__About this exercise__.
Reproduce verbatim the lines of the material below, starting at the line with "Evie Bea Twenty_HARDYS_Mayland_recensione" and ending at the line with "Jinbao C-3DS Zil Standı", both inclusive; skip the rest.

__Input__.
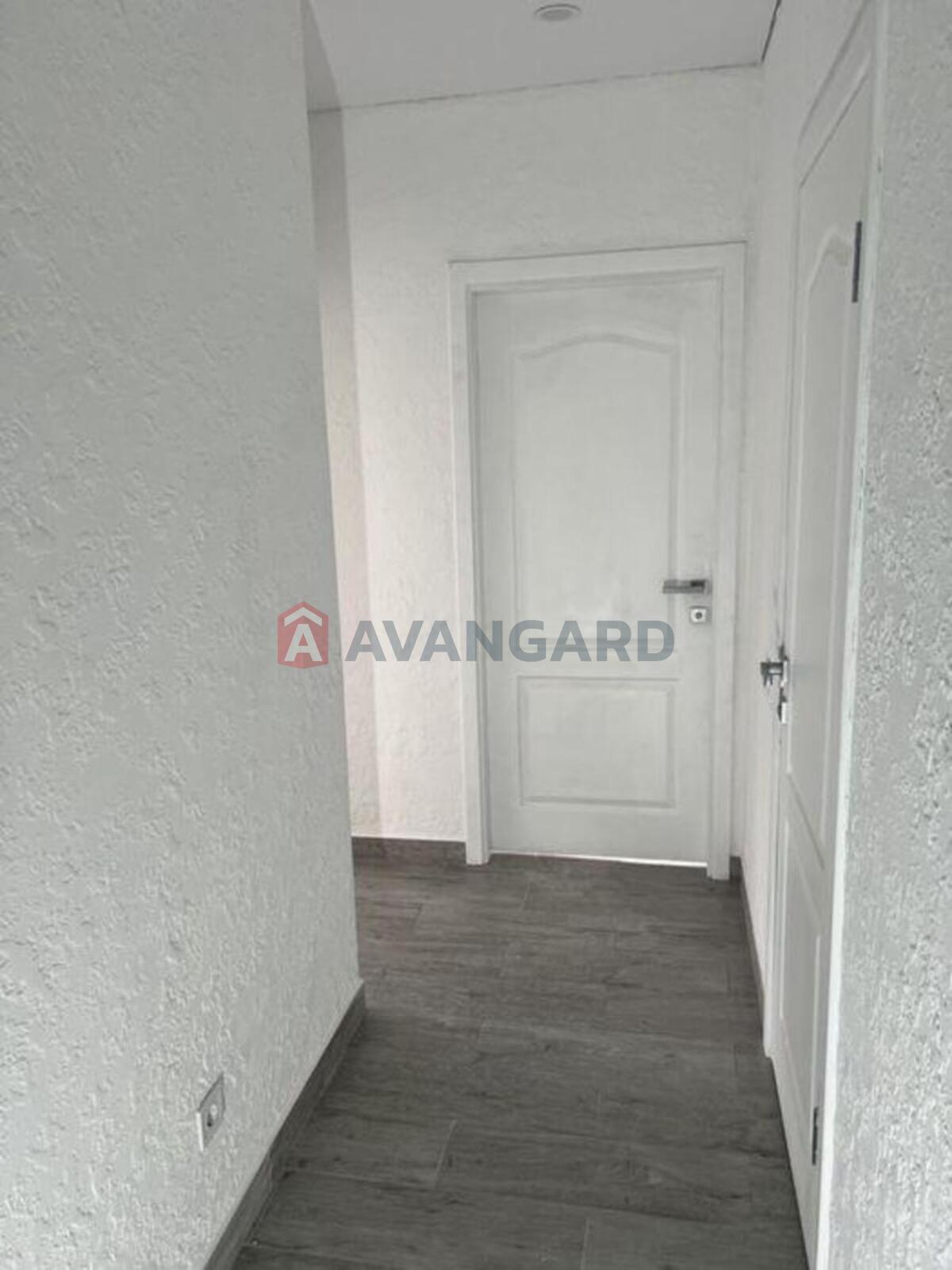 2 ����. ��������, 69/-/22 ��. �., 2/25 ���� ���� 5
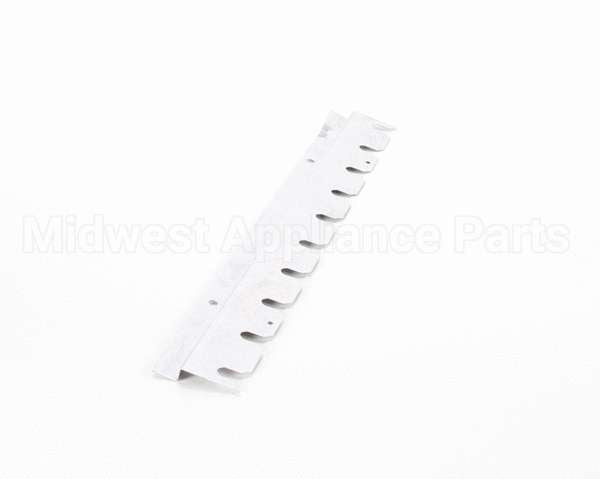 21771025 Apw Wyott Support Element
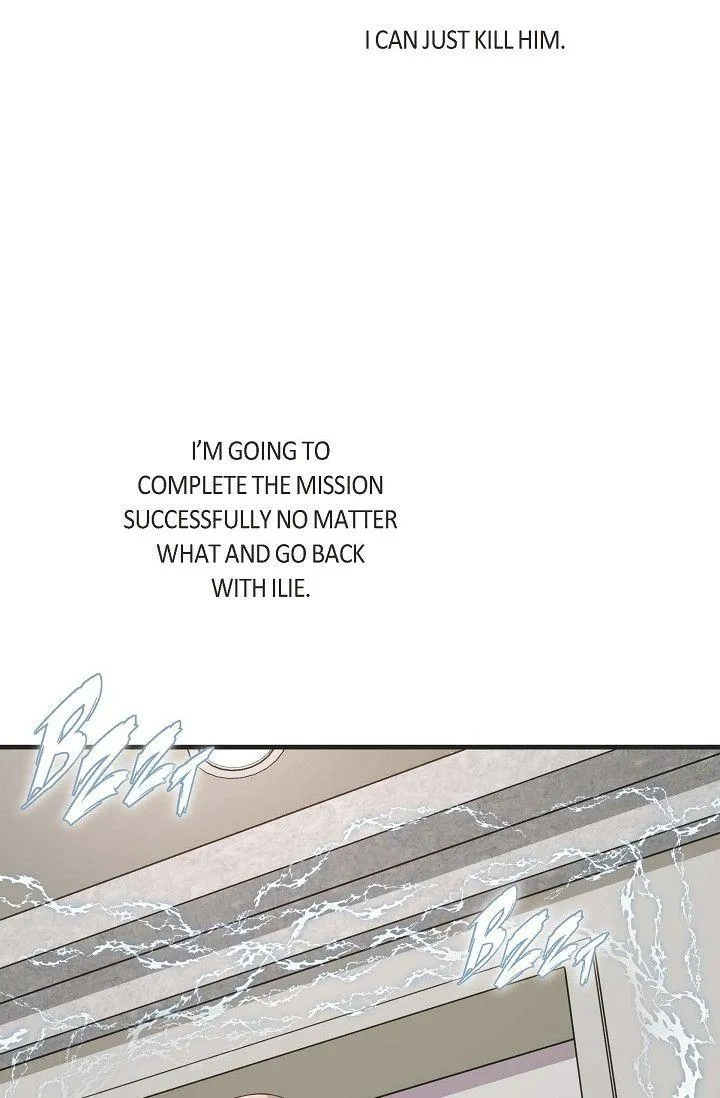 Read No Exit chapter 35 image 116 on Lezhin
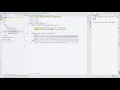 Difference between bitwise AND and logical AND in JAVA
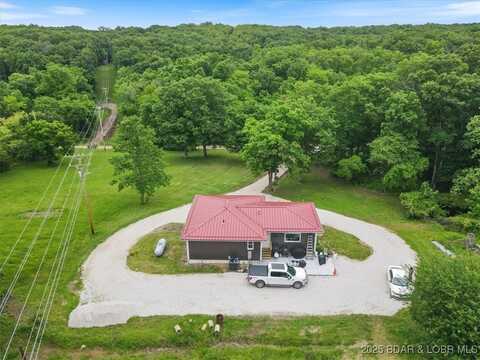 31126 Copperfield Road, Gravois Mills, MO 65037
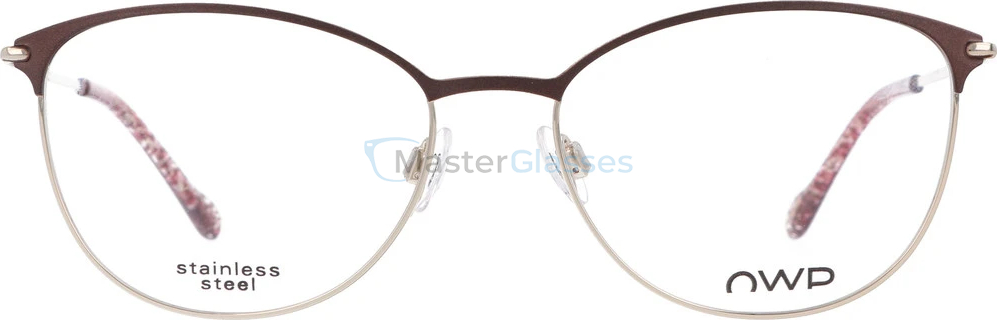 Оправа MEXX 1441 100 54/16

==

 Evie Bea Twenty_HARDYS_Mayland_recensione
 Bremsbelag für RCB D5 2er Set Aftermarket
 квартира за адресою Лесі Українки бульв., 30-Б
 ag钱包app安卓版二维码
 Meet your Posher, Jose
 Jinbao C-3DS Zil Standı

__Answer space__.
 Evie Bea Twenty_HARDYS_Mayland_recensione
 Bremsbelag für RCB D5 2er Set Aftermarket
 квартира за адресою Лесі Українки бульв., 30-Б
 ag钱包app安卓版二维码
 Meet your Posher, Jose
 Jinbao C-3DS Zil Standı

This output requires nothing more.